Ok.  So lets consider this question from the standpoint of how good the education is, given that merit is not usually the reason why people get hired.  The Chronicle of Higher Education reviews a recent book by researchers of the products of university education in America:

Growing numbers of students are sent to college at increasingly higher costs, but for a large proportion of them the gains in critical thinking, complex reasoning, and written communication are either exceedingly small or empirically nonexistent. At least 45 percent of students in our sample did not demonstrate any statistically significant improvement in Collegiate Learning Assessment [CLA] performance during the first two years of college. [Further study has indicated that 36 percent of students did not show any significant improvement over four years.] While these students may have developed subject-specific skills that were not tested for by the CLA, in terms of general analytical competencies assessed, large numbers of U.S. college students can be accurately described as academically adrift. They might graduate, but they are failing to develop the higher-order cognitive skills that it is widely assumed college students should master. These findings are sobering and should be a cause for concern.

A cause for concern indeed!  You mean you can send  18-22 year-olds to school and they aren’t one wit smarter after four years of partying and learning about diversity and multiculturalism?  Wow!
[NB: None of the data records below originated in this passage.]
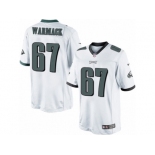 Youth Nike Philadelphia Eagles #67 Chance Warmack Limited White NFL Jersey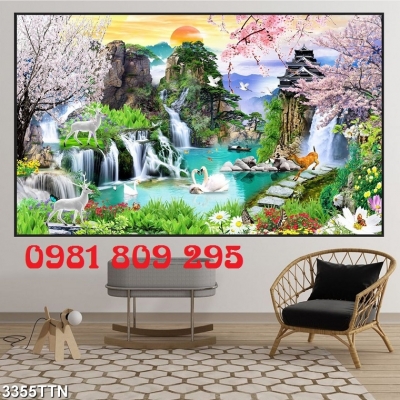 Tranh tường vườn hoa trang trí tường GP77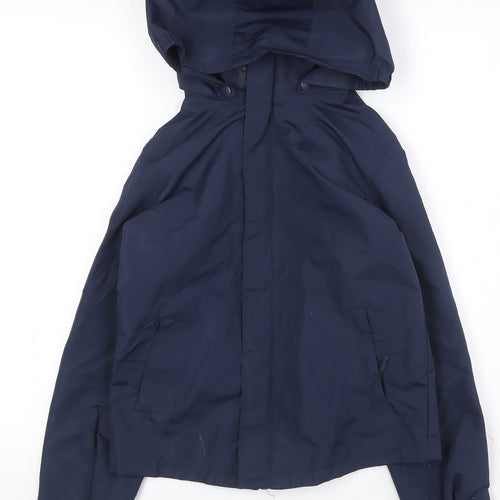 Mountain Warehouse Boys Blue Hooded Rain Coat 9-10 Years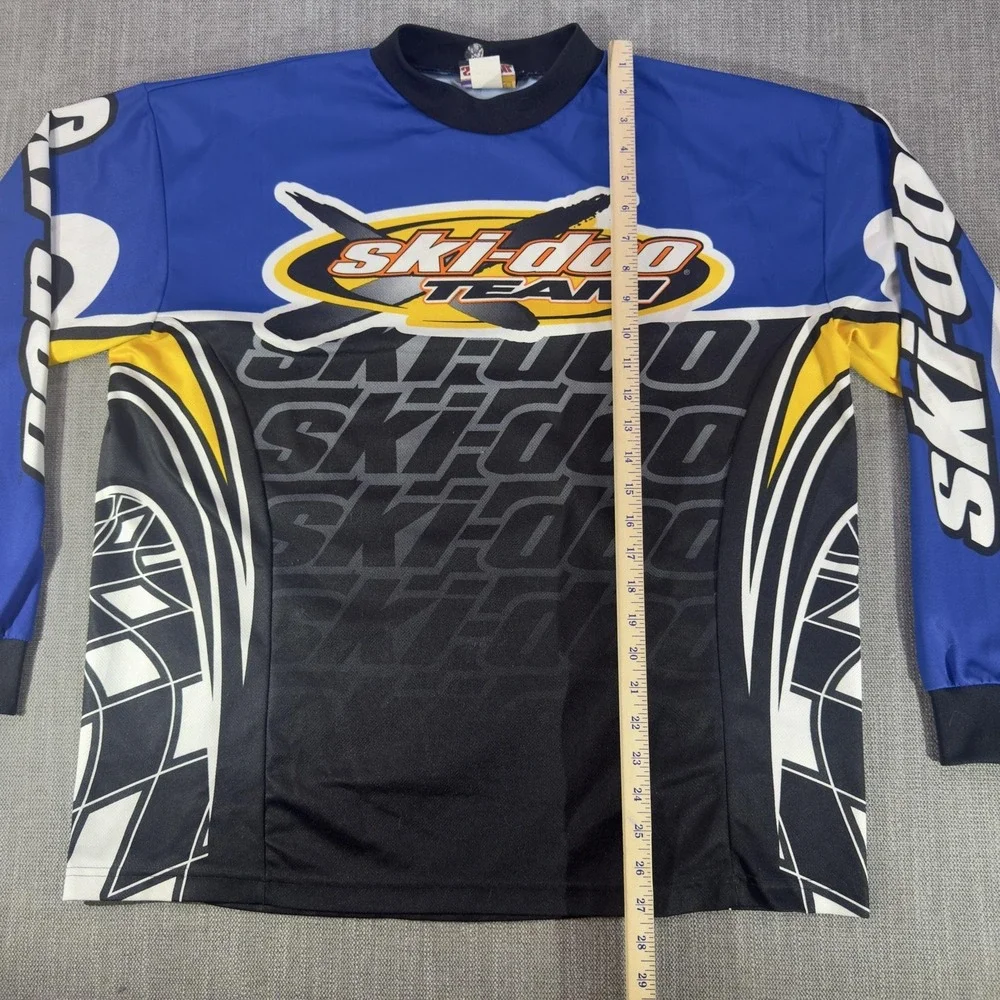 Ski-Doo Jersey Mens Large Multicolor Team Racing Snowmobile Long Sleeve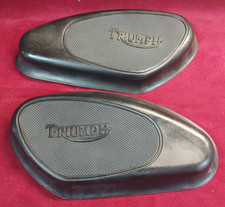Triumph Tiger Cub T15 Terrier Petrol Tank Knee Grip Rubbers F1605, F1606
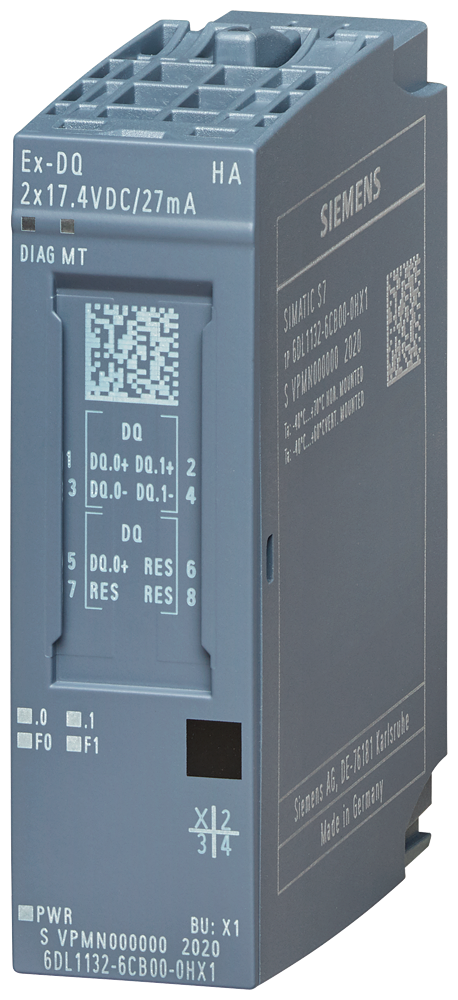 [Imagem MÓDULO I/O DIGITAL EX 2DO ET200SPHA 6DL11326CB000HX1 SIEMENS]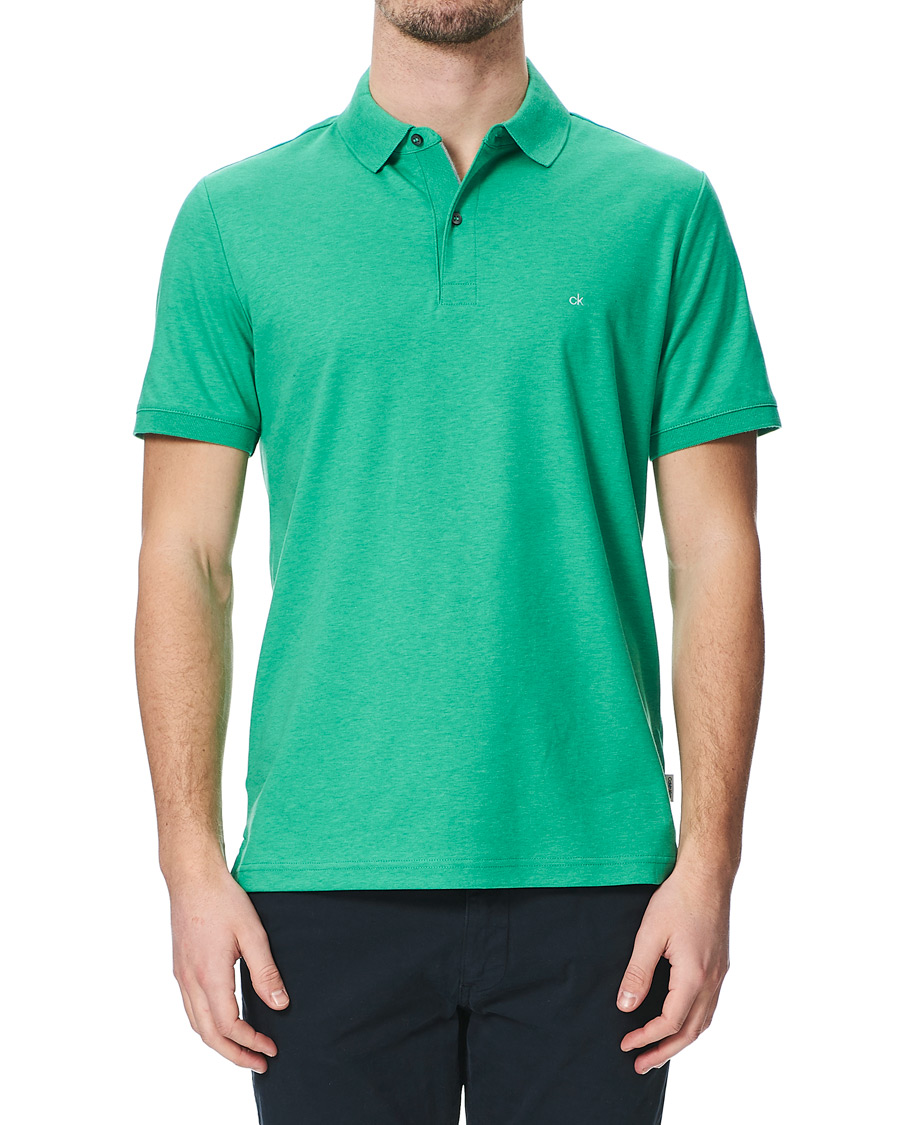 Herre | Pikéer | Calvin Klein | Slim Fit Liquid Touch Polo Green Campus Heather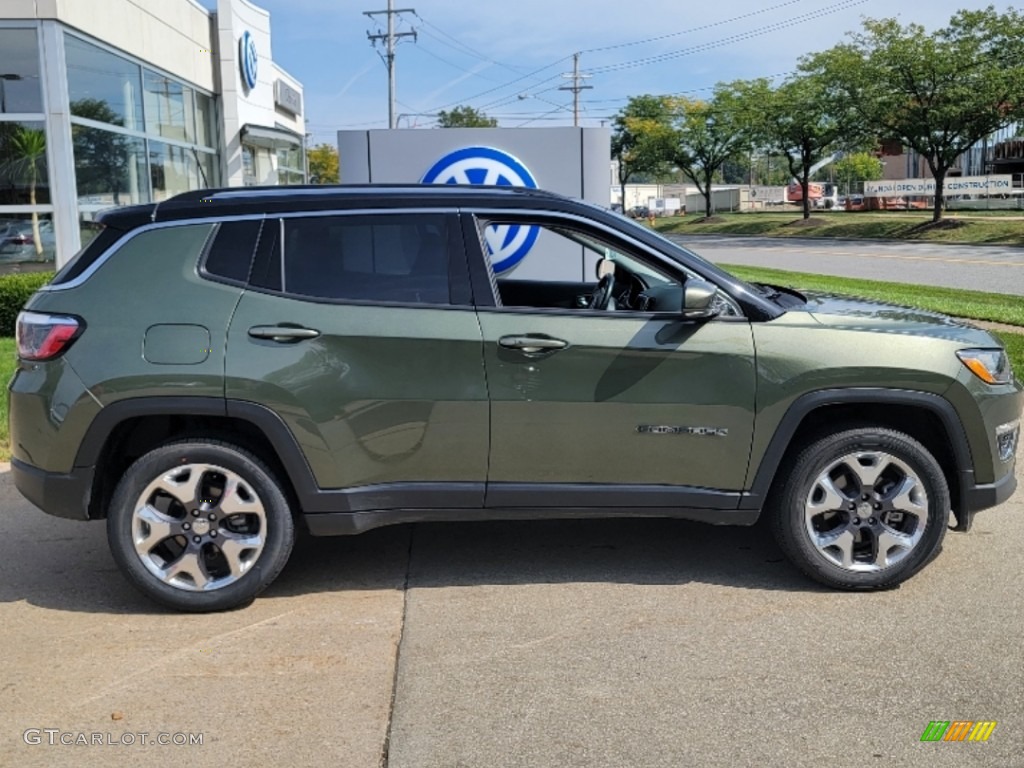 2021 Compass Limited 4x4 - Olive Green Pearl / Black photo #2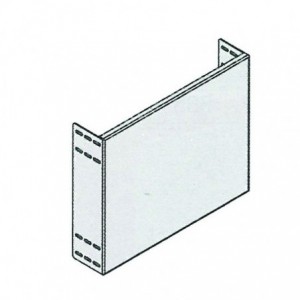 GREY HINGED DB COVER KIT 200x800 C/W 2x 67mmsq CUTOUTS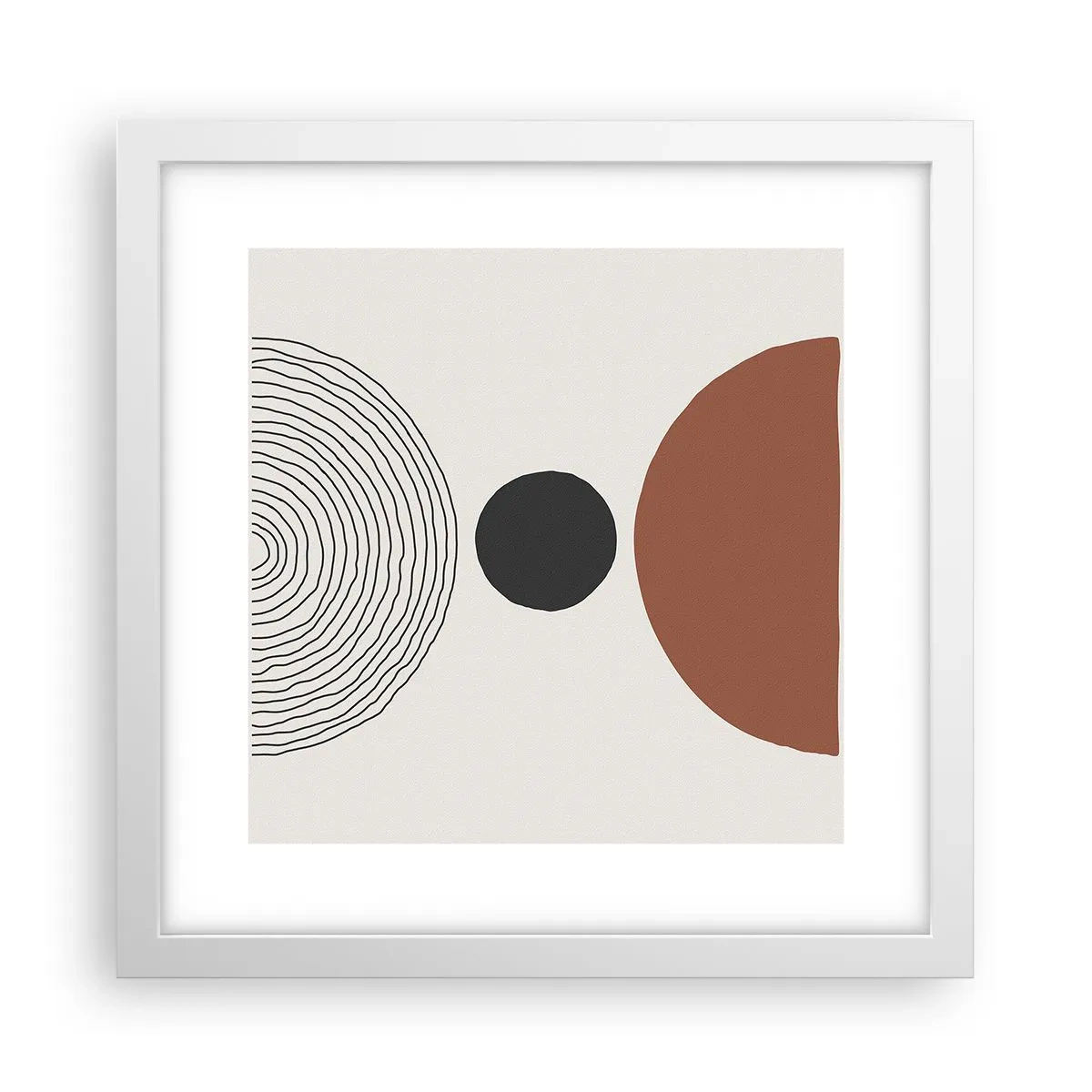 Plagát v bielom ráme - V centre pozornosti - 30x30 cm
Who woodda thunk?

I have heard the dogma that if schools become indoctrinators instead of educators, strongholds of political correctness and diversity, that that makes them better places, richer and superior to the monolithic schools (read: professors are all white males) that prioritize academic achievement.  Yet after 30 or so years of this crap, we now have schools where large swaths of kids come out no smarter than they were before they entered.  So what does a BA mean today?  It means a huge debt without necessarily any usable or productive skills.  It means that a university education for something like a third of graduates is a waste of time and money.